From: Oleksandr Andrushchenko <Oleksandr_Andrushchenko@epam.com>
To: "Jan Beulich" <jbeulich@suse.com>,
"Roger Pau Monné" <roger.pau@citrix.com>
Cc: "julien@xen.org" <julien@xen.org>,
"sstabellini@kernel.org" <sstabellini@kernel.org>,
Oleksandr Tyshchenko <Oleksandr_Tyshchenko@epam.com>,
Volodymyr Babchuk <Volodymyr_Babchuk@epam.com>,
Artem Mygaiev <Artem_Mygaiev@epam.com>,
"andrew.cooper3@citrix.com" <andrew.cooper3@citrix.com>,
"george.dunlap@citrix.com" <george.dunlap@citrix.com>,
"paul@xen.org" <paul@xen.org>,
Bertrand Marquis <bertrand.marquis@arm.com>,
Rahul Singh <rahul.singh@arm.com>,
"xen-devel@lists.xenproject.org" <xen-devel@lists.xenproject.org>,
Oleksandr Andrushchenko <Oleksandr_Andrushchenko@epam.com>
Subject: Re: [PATCH v4 02/11] vpci: cancel pending map/unmap on vpci removal
Date: Fri, 19 Nov 2021 12:34:48 +0000 [thread overview]
Message-ID: <fec02ac4-1ecf-18e1-7ed6-3b1094d60890@epam.com> (raw)
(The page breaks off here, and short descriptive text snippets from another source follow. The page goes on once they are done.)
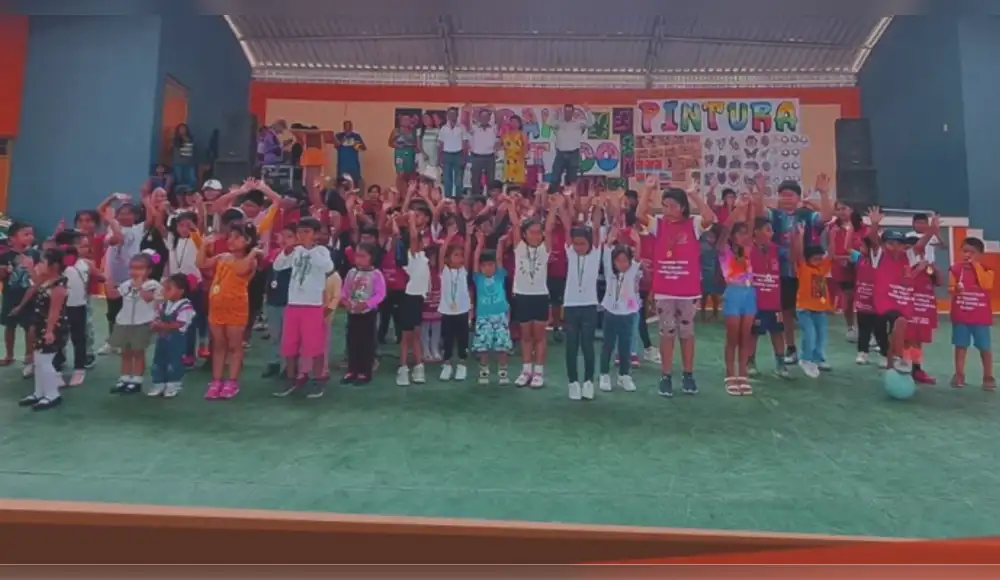 Escolares culminaron Vacaciones Útiles en Uraca, Huancarqui y Lluta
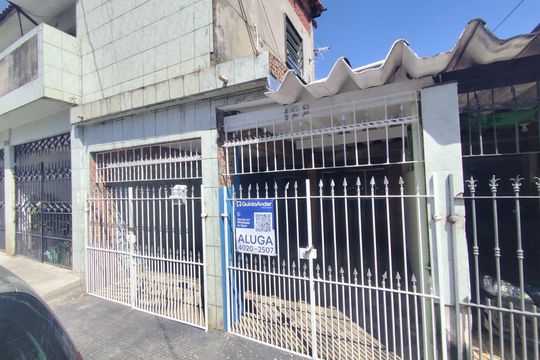 Fachada de casa para alugar com 3 quartos, 80m² em Burgo Paulista, São Paulo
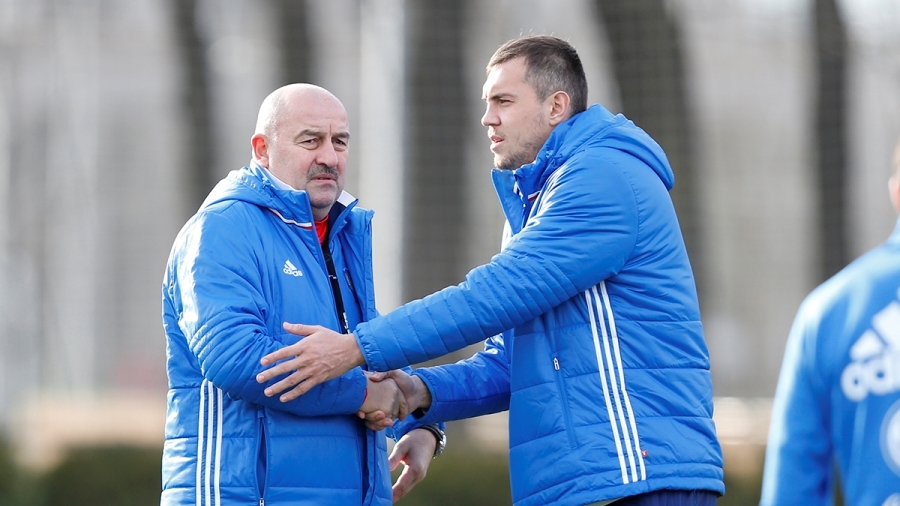 Станислав Черчесов и Артем Дзюба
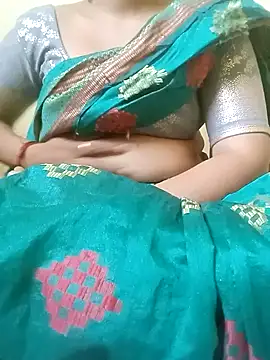 Snapshot of suman_bhabhi001 chatting on 12/22/25, 07:16 suman bhabhi001 online show from 12/22/25, 07:16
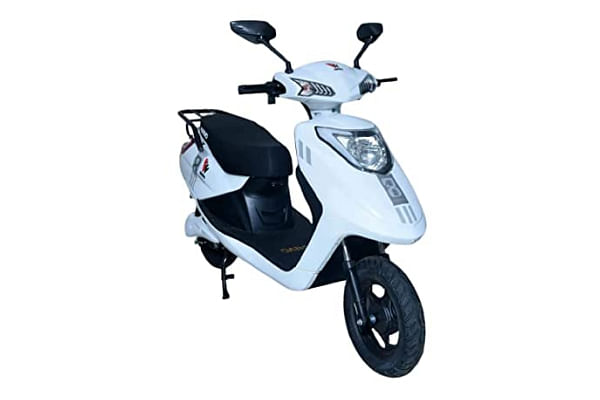 Warivo Motors Queen Price 2024 | Scooter Images, Mileage & Colours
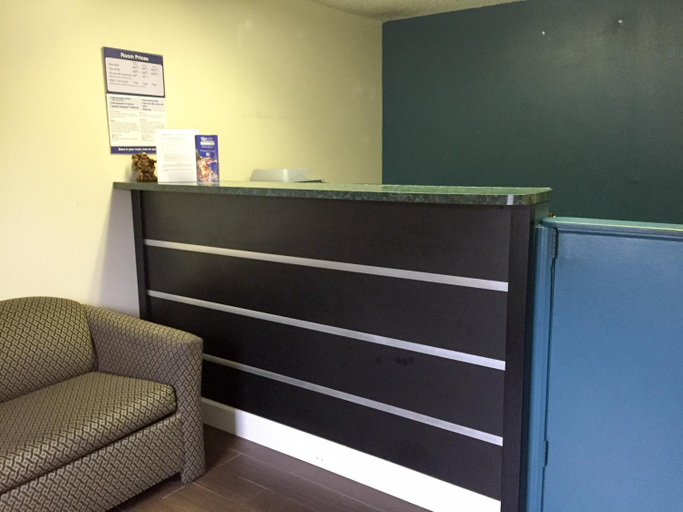 Public Area 2, Studio 6 Statesboro, GA, Bulloch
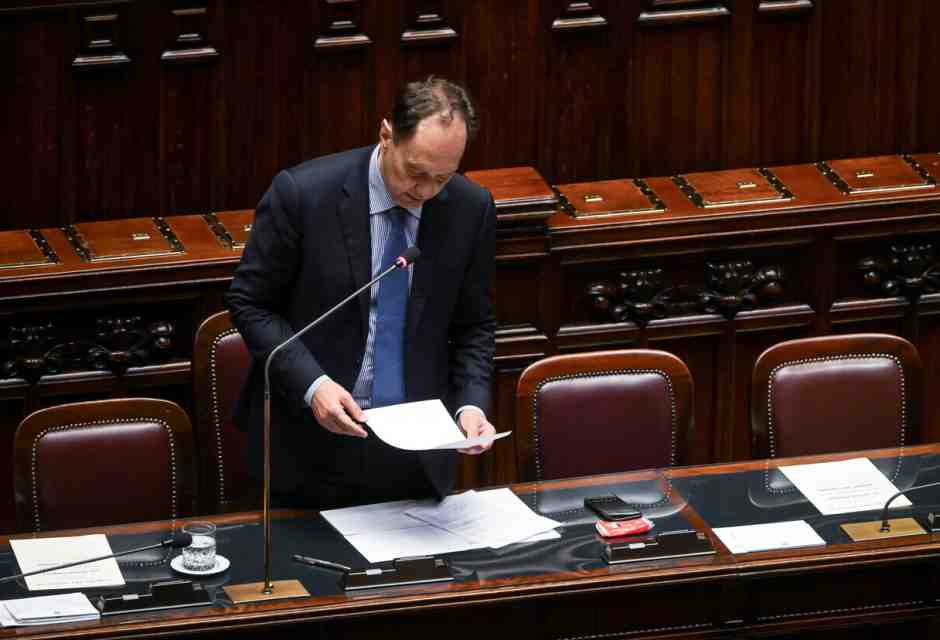 Il ministro Luca Ciriani (Ansa)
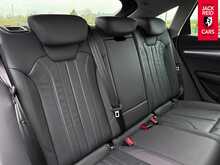 Audi Q5 TDI Sport 2.0 TDI 40 Sport Sportback 5dr Diesel S Tronic quattro Euro 6 (s/s) (204 ps) 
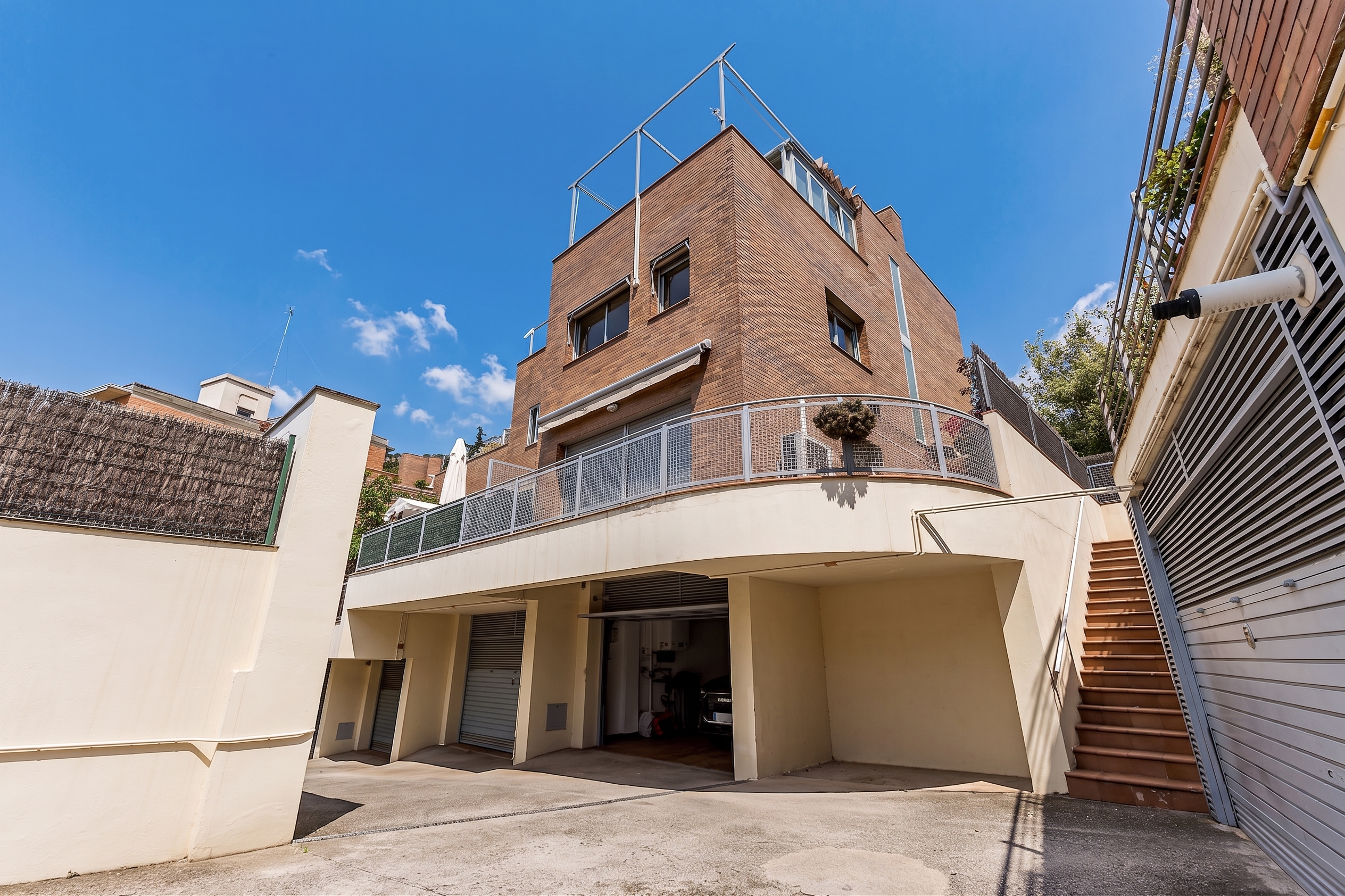 Casa adossada de 5 habitacions a Sant Genís dels Agudells -Horta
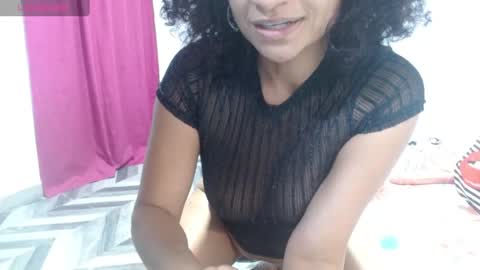 seductress_malia online show from July 12, 4:15 am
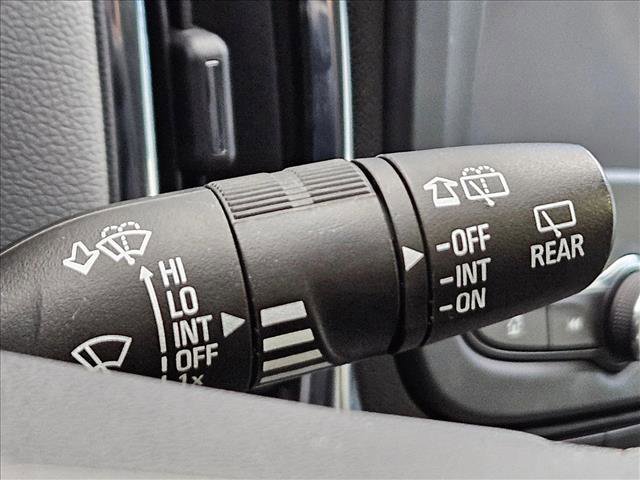 Used 2023 Chevrolet Equinox LT image 9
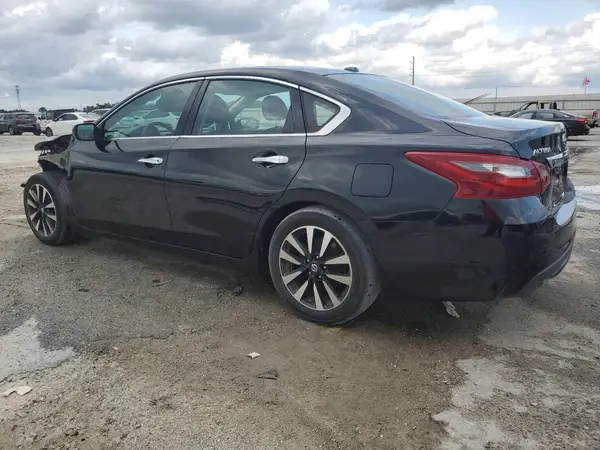 1N4AL3APXJC213634 2018 NISSAN ALTIMA - Image 2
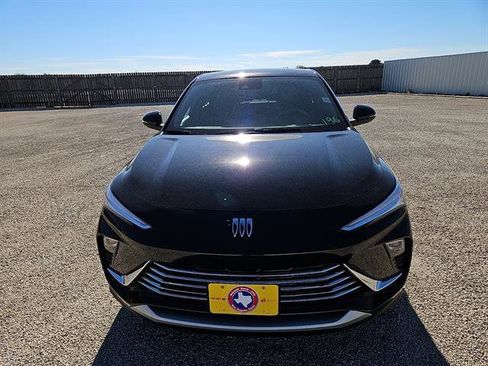 New 2026 Buick Envista Preferred image 8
In-Reply-To: <7dd919b8-0e3d-30dc-302a-9964f9d94ad2@suse.com>
Hi, Roger, Jan!
On 18.11.21 17:53, Jan Beulich wrote:
> On 18.11.2021 16:46, Oleksandr Andrushchenko wrote:
>> On 18.11.21 17:41, Jan Beulich wrote:
>>> On 18.11.2021 16:21, Oleksandr Andrushchenko wrote:
>>>> On 18.11.21 17:16, Jan Beulich wrote:
>>>>> For the moment I can't help thinking that draining would
>>>>> be preferable over canceling.
>>>> Given that cancellation is going to happen on error path or
>>>> on device de-assign/remove I think this can be acceptable.
>>>> Any reason why not?
>>> It would seem to me that the correctness of a draining approach is
>>> going to be easier to prove than that of a canceling one, where I
>>> expect races to be a bigger risk. Especially something that gets
>>> executed infrequently, if ever (error paths in particular), knowing
>>> things are well from testing isn't typically possible.
>> Could you please then give me a hint how to do that:
>> 1. We have scheduled SOFTIRQ on vCPU0 and it is about to touch pdev->vpci
>> 2. We have de-assign/remove on vCPU1
>>
>> How do we drain that? Do you mean some atomic variable to be
>> used in vpci_process_pending to flag it is running and de-assign/remove
>> needs to wait and spinning checking that?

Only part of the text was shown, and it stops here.